Come diceva Laozi: "Chi conosce gli altri è colto. Chi conosce se stesso è illuminato". Forse, nel mondo dell'innovazione alimentare, conoscere se stessi - e i propri valori fondamentali - potrebbe essere la chiave per non perdersi nella frenesia dei trend.
E quindi, quante di quelle frasi copincollate che si leggono nelle mission delle aziende sono veramente digerite dai membri dell’azienda stessa?
Vogliamo rivoluzionare in mondo del [metti qui settore food a caso].
Esticazzi.
Boom!
Aspetto i vostri messaggi, soprattutto commenti utili e interessanti come "scrivi troppo", che sicuro aggiungono valore al contesto.
Ah, ultima cosa, da oggi, copiando dalla newsletter bellissima della mia amica Maria Chiara Montera (so che hai letto fino a qui) e per rispondere a coloro (grazie!) che mi chiedevano nei giorni scorsi come poter sostenere questo progetto, ho dato la possibilità a tutti di “fare un abbonamento o una donazione”. Che non significa nulla, perchè la newsletter sarà sempre gratis, ma diciamo che è un modo diverso per “offrire un caffè, o meglio una cena”.
Qui sotto il link. Grazie!
Ma tra i trends attuali (e a proposito di proteine animali) non c'è anche quello degli insetti edibili? Quanto questo cibo risponde ai bisogni dei consumatori? Tra gli argomenti a favore del loro consumo c'è quello del costo minore nell'allevarli sia in termini economici che in termini di sostenibilità ambientale se confrontati a quelli della carne bovina.
Una delle NL più interessanti lette fino ad ora, non che le altre non lo fossero ma devo dire che hai centrato un punto interessante.
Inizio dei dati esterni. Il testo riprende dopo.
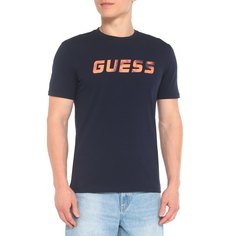 Футболки и майки Guess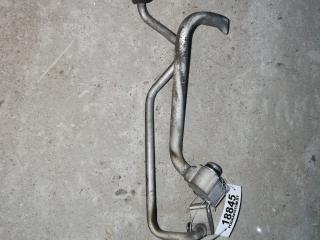 трубка кондиционера Mitsubishi Grandis 1 поколение 2005, 2.4 л., 4G69, бензин, АКПП, белый, минивэн, правый руль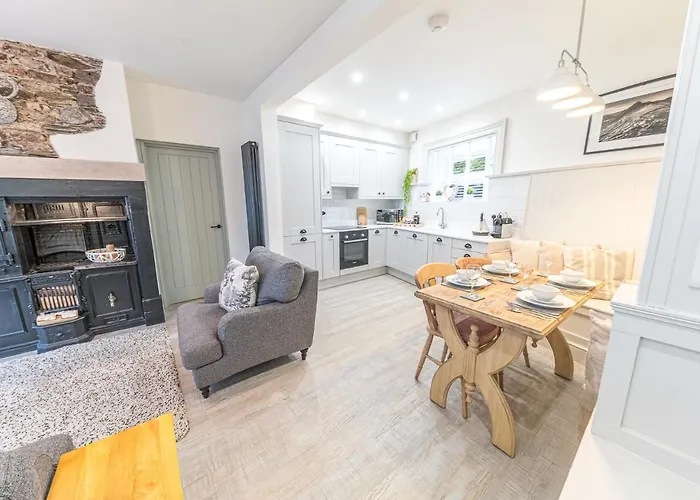 Apartamento Brandelhowe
Aggiungerei che anche il più supermegafigoinnovativo dei prodotti dell'industria, se non portato avanti dai buyer imbrigliati nelle controcifre, è destinato a morire (ne sappiamo qualcosa, no?). Questo mi porta a provare a risponderti: il processo dalla creazione allo scaffale è talmente tanto lungo che il pioniere è per forza di cose l'industria che, tramite ingenti finanziamenti in pubblicità, persuade il cliente che il nuovo prodotto sia assolutamente imperdibile. Il prodotto senza pubblicità è destinato a fallire, e questo è vero quanto più il prodotto è precursore di un trend: insomma, chi segue e sa aspettare spende meno.